I’ll be heading to Albuquerque in about six days. (Every time I say “Albuquerque” I think of Bugs Bunny.) I’m going there for the annual conference that I attend – The American Association of Physical Anthropologists (AAPA). This will be my fourth year and I’ll be one of the few taphonomists there. Most of them will be in St. Louis at the Palaeoanthropology Society (Palaeos) meeting. But I have a good reason for going to the AAPAs instead of the Palaeos, and it’s not because Albuquerque is beautiful and I am hoping to play tourist (at least a little bit) while there…though I totally am. I’m part of a poster symposium honoring my late thesis advisor, EH. That’s it. That’s my reason. And it’s more than enough. Of course there will be socializing and an appropriate amount of learning, but mostly I’m going to be a part of something that will, hopefully, honor her, and I think the group of us giving posters is worthy of her memory. It’s a distinguished cast, including E’s former advisor, close friends and colleagues, and of course her students. Working on the poster this past week was challenging. It represents a part of my master’s thesis that I am working on for publication. E was supposed to be my co-author on the paper and working on it without her input has not been easy. Luckily I have a couple of gracious mentors who have really been invaluable in terms of giving me feedback. Still, with each new edit I wonder if she would have approved. The poster has been printed at this point and is on its way to my home via fedex. For you academics out there, I used phdposters.com. They cost considerably less than most places and are very quick.

This brings me to the fact that I am tired. I don’t think I have gotten 8 hours of sleep in about two weeks. Some people can handle that sort of deprivation on a regular basis. Maybe it’s just differences in metabolism. It doesn’t matter why, but I do need 8 hours a night to function at my best, and I noticed earlier this week that my mind was slipping. It is interesting to be aware of that fact while it is happening. I kept forgetting things that were fairly routine, I was clumsy, I was saying and doing things carelessly that I would ordinarily not do. It is rather scary. It culminated in a bad decision, or a not-so-great decision, anyway, that brought with it some negative feedback. I won’t talk about it in this space. Suffice it to say that the situation has been more or less neutralized. Luckily I’m good at cleaning up my messes.

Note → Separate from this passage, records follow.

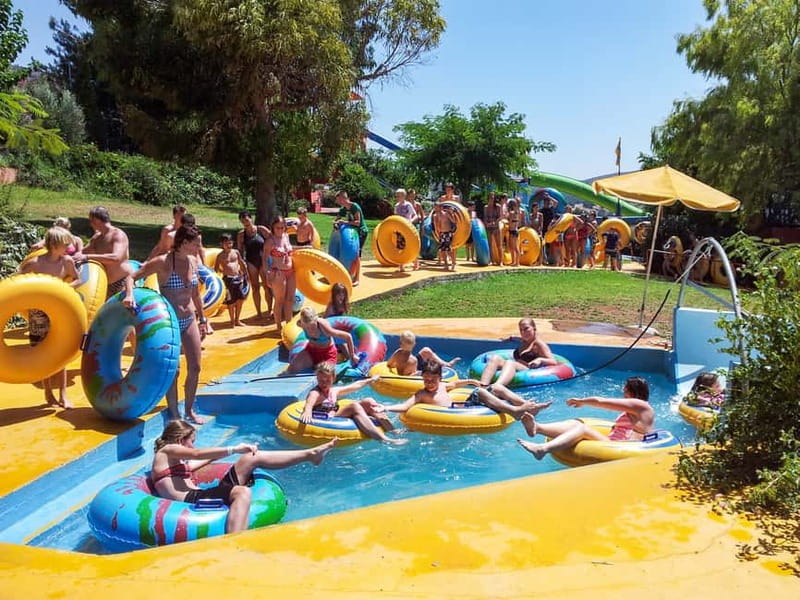 Crete: Acqua Plus Water Park Entrance with Transfer & Lunch - The park vibe, gardens, and where you can cool off without panic
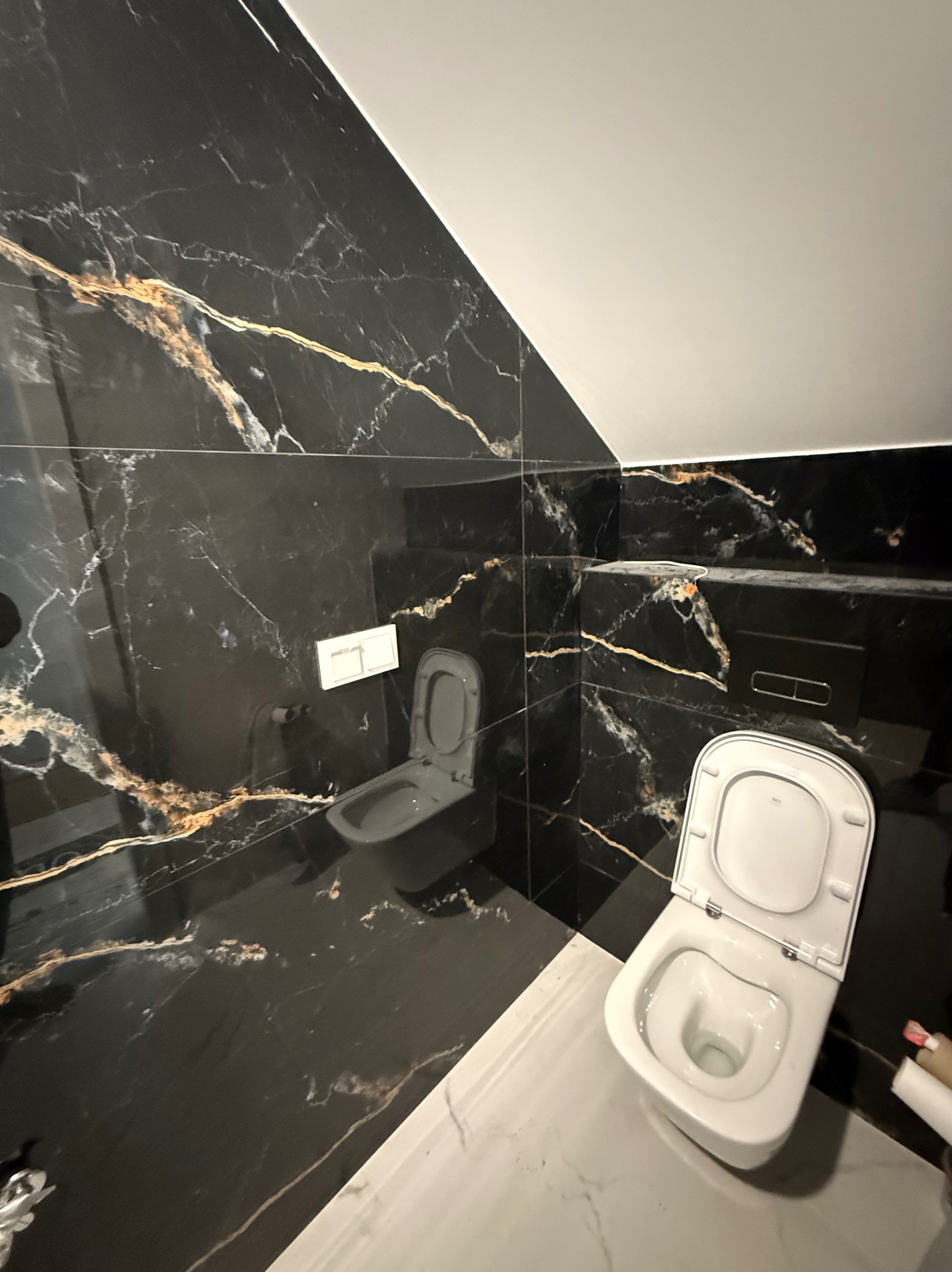 Elegancka łazienka z czarnymi płytkami imitującymi marmur ze złotymi żyłami, wisząca toaleta i biała podłoga. Ukośny sufit dodaje unikalnego charakteru.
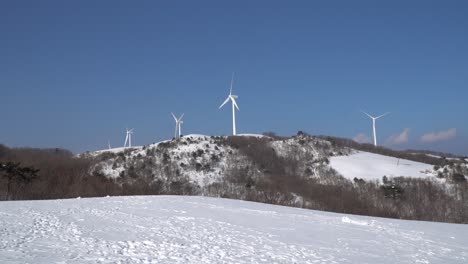 Parque-De-Energía-Eólica-En-Noruega,-Muchos-Molinos-De-Viento-Se-Están-Moviendo-En-La-Montaña-Cubierta-De-Nieve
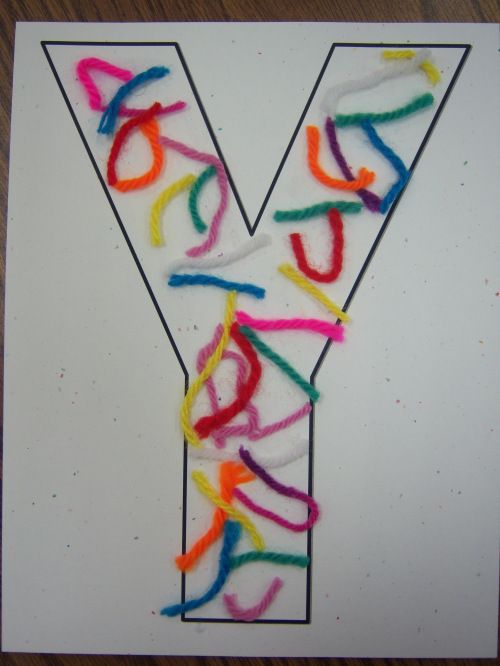 the letter y is made up of colored yarn and plastic straws on a white card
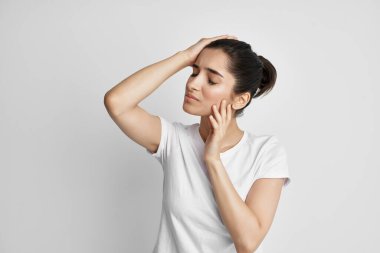 Beyaz tişörtlü bir kadın. Duygu bozukluğu. Baş ağrısı.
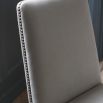 Minimalist upholstered dining chair in cream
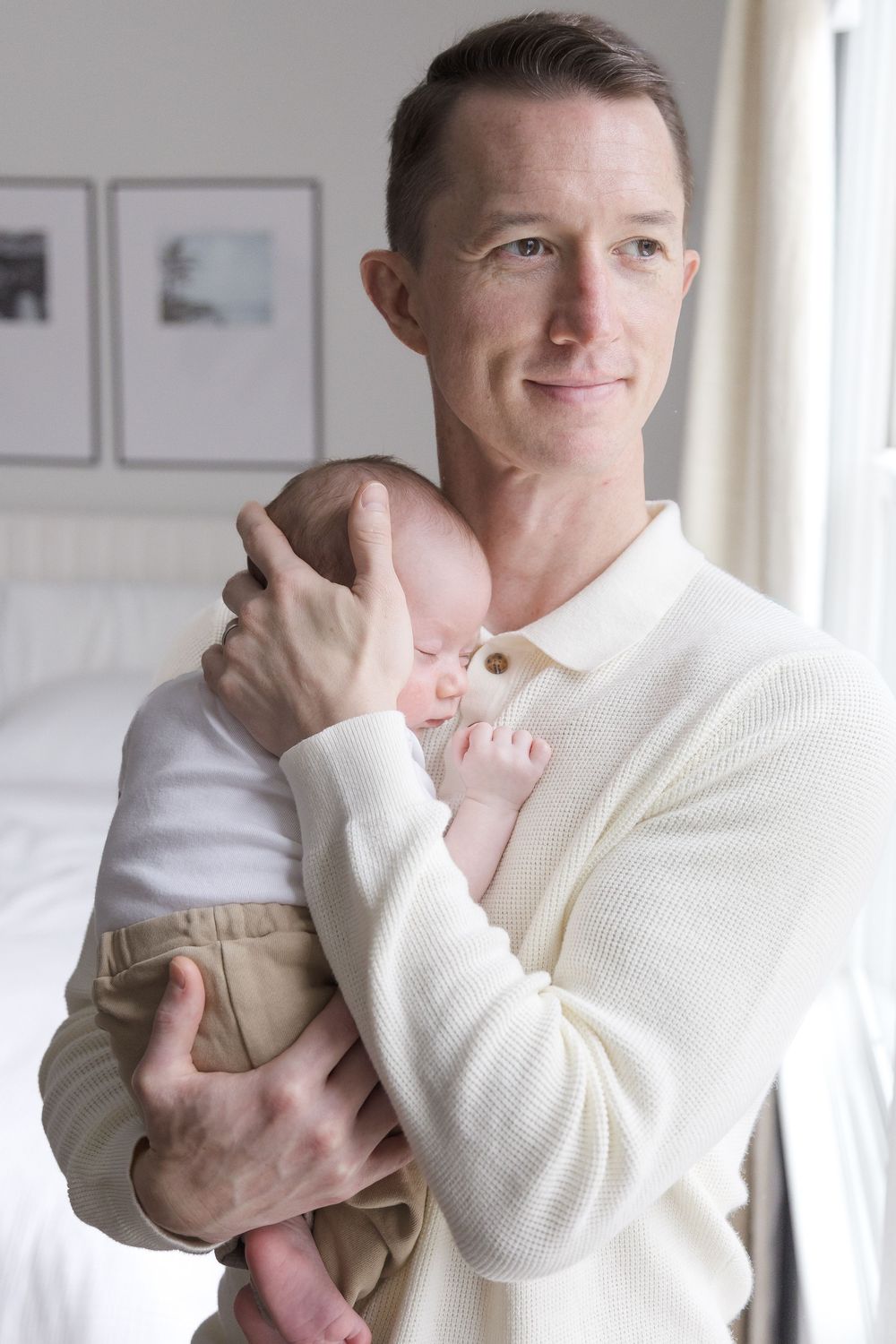 "Newborn baby sleeping peacefully on father's shoulder during elegant Washington DC lifestyle newborn session."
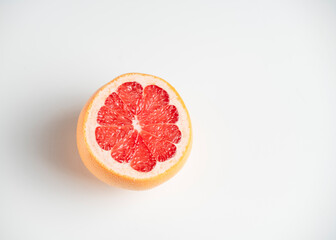 red ripe grapefruit isolated on white background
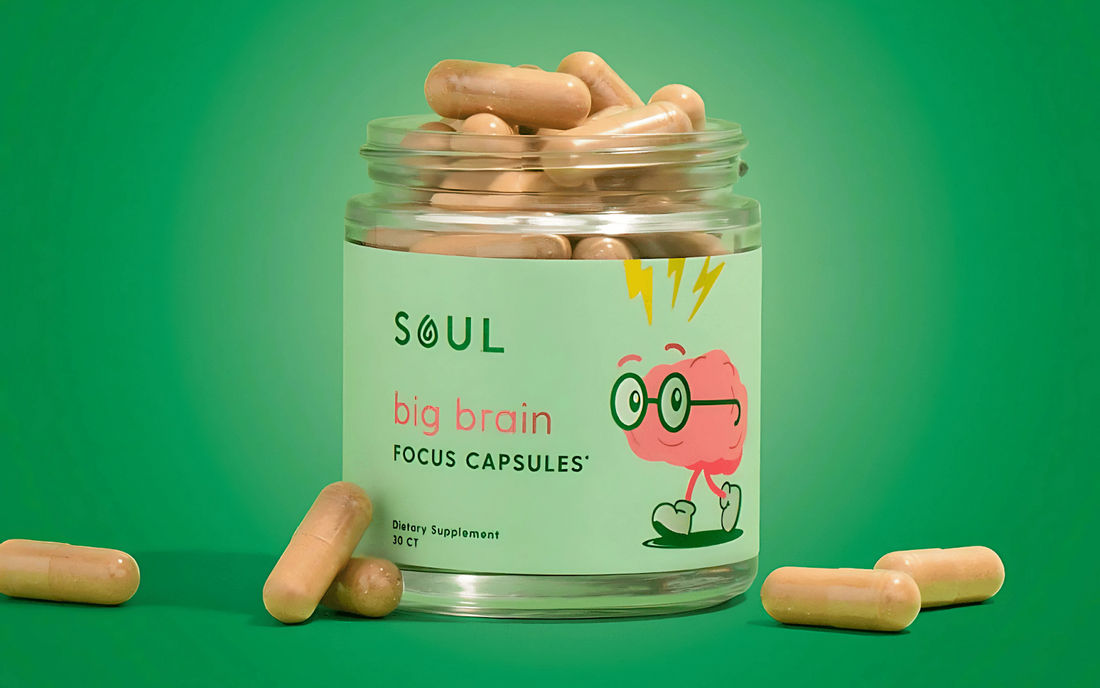 Front view of SOUL Big Brain focus capsules jar showcasing beige capsules and playful label artwork on a green background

This opens up a whole can of worms, this sleep deprivation thing. Why do we do this to ourselves? It is so detrimental. How many arguments have you or I gotten into that were really just a matter of impulsive behavior that could have been avoided if we’d been well-rested and thoughtful? Our brains short circuit, our immune responses drop, our cells can’t regenerate. It generally sucks. We NEED sleep. Yet we constantly treat it like a trivial issue. “Oh, I can go without an hour here or there.” Yes, we can in the short term, but it can have scary consequences in the long run. If nothing else, it just feels bad. In the worst case scenario, it could shorten our life spans. Not something we think about too often.

I won’t get much sleep in Albuquerque. I know this from past experience. The AAPA meeting is a whirlwind of talks, posters and intensive socializing with people, some of whom I only see once a year. It’s only a few days, so I suck it up and run on adrenaline. I’m sure it’s not good for me, but I can handle it. Or so I think.